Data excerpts
--- START ---

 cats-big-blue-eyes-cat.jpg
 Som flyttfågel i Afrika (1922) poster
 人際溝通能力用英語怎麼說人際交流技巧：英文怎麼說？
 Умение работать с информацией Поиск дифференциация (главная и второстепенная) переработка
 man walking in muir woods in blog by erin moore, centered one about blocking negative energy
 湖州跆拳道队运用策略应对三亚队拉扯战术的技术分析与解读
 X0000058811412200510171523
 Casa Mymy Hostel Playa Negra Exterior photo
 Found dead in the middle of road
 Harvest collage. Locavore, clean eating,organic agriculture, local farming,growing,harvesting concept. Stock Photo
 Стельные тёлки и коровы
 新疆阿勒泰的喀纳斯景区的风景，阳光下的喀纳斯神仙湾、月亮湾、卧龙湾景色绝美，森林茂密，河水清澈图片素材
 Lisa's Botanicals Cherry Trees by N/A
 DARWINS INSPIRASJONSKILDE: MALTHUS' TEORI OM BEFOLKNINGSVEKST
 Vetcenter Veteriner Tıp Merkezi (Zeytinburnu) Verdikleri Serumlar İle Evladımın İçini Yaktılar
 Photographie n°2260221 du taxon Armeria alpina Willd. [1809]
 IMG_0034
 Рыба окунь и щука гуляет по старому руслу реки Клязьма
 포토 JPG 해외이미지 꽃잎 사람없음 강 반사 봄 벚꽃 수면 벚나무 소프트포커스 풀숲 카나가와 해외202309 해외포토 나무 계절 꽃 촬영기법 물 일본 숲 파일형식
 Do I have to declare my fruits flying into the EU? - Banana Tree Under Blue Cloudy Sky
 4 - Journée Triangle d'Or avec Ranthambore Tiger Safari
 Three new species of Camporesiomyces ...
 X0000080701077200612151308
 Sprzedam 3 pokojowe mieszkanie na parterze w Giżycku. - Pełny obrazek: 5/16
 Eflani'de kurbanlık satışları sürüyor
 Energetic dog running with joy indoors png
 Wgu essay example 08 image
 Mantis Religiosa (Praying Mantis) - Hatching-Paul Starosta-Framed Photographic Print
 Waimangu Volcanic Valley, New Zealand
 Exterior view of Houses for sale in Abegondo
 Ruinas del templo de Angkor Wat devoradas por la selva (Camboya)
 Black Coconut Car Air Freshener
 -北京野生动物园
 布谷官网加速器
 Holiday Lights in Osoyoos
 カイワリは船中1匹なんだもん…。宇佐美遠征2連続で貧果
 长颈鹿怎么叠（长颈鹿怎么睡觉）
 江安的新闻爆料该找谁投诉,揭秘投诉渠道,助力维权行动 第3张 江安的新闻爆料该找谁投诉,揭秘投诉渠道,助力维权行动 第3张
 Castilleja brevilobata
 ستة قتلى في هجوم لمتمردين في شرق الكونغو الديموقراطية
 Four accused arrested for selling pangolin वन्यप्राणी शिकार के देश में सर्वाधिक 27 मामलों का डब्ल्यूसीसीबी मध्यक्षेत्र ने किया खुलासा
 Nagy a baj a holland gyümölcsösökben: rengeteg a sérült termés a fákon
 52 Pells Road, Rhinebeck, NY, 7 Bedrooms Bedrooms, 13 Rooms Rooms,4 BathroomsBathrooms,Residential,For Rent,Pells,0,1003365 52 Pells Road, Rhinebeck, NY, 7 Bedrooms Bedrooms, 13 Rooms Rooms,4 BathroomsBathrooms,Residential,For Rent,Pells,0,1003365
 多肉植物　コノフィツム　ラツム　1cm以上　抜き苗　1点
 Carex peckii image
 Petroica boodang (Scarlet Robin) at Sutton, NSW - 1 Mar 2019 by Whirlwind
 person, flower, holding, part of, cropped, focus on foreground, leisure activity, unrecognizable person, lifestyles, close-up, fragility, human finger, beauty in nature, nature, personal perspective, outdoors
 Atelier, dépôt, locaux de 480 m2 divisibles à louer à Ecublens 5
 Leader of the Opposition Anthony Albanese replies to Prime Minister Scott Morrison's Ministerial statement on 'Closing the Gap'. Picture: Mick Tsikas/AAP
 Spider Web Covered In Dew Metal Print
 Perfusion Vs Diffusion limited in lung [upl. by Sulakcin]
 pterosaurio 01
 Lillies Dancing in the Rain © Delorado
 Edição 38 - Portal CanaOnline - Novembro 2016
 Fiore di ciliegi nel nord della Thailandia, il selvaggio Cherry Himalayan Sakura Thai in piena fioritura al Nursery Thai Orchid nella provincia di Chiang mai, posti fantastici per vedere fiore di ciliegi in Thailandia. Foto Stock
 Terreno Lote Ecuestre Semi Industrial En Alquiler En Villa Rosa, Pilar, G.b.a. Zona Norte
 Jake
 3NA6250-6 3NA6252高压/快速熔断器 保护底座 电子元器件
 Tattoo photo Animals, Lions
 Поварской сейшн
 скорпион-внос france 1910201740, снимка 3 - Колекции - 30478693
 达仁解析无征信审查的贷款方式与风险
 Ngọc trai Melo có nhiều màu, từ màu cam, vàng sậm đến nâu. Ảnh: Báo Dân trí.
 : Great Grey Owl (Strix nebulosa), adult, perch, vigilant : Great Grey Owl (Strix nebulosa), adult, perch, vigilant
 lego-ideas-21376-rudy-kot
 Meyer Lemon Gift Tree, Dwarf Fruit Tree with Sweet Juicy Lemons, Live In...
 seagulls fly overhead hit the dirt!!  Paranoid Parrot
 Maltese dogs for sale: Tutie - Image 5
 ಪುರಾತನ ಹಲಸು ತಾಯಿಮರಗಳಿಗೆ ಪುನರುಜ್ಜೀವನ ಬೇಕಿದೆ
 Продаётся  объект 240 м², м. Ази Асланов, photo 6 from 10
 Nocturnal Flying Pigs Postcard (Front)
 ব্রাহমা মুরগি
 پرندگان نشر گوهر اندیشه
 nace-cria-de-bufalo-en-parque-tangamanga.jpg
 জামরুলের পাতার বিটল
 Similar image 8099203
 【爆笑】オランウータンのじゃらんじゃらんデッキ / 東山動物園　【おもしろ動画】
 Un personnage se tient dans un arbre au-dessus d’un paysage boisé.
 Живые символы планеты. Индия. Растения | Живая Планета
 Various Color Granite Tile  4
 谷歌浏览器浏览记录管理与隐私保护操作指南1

--- END ---

_Prompt_:
From the records above, copy out the line with "Fiore di ciliegi nel", the line with "Un personnage se", and every line between them, word for word.

_Solution for this task_:
 Fiore di ciliegi nel nord della Thailandia, il selvaggio Cherry Himalayan Sakura Thai in piena fioritura al Nursery Thai Orchid nella provincia di Chiang mai, posti fantastici per vedere fiore di ciliegi in Thailandia. Foto Stock
 Terreno Lote Ecuestre Semi Industrial En Alquiler En Villa Rosa, Pilar, G.b.a. Zona Norte
 Jake
 3NA6250-6 3NA6252高压/快速熔断器 保护底座 电子元器件
 Tattoo photo Animals, Lions
 Поварской сейшн
 скорпион-внос france 1910201740, снимка 3 - Колекции - 30478693
 达仁解析无征信审查的贷款方式与风险
 Ngọc trai Melo có nhiều màu, từ màu cam, vàng sậm đến nâu. Ảnh: Báo Dân trí.
 : Great Grey Owl (Strix nebulosa), adult, perch, vigilant : Great Grey Owl (Strix nebulosa), adult, perch, vigilant
 lego-ideas-21376-rudy-kot
 Meyer Lemon Gift Tree, Dwarf Fruit Tree with Sweet Juicy Lemons, Live In...
 seagulls fly overhead hit the dirt!!  Paranoid Parrot
 Maltese dogs for sale: Tutie - Image 5
 ಪುರಾತನ ಹಲಸು ತಾಯಿಮರಗಳಿಗೆ ಪುನರುಜ್ಜೀವನ ಬೇಕಿದೆ
 Продаётся  объект 240 м², м. Ази Асланов, photo 6 from 10
 Nocturnal Flying Pigs Postcard (Front)
 ব্রাহমা মুরগি
 پرندگان نشر گوهر اندیشه
 nace-cria-de-bufalo-en-parque-tangamanga.jpg
 জামরুলের পাতার বিটল
 Similar image 8099203
 【爆笑】オランウータンのじゃらんじゃらんデッキ / 東山動物園　【おもしろ動画】
 Un personnage se tient dans un arbre au-dessus d’un paysage boisé.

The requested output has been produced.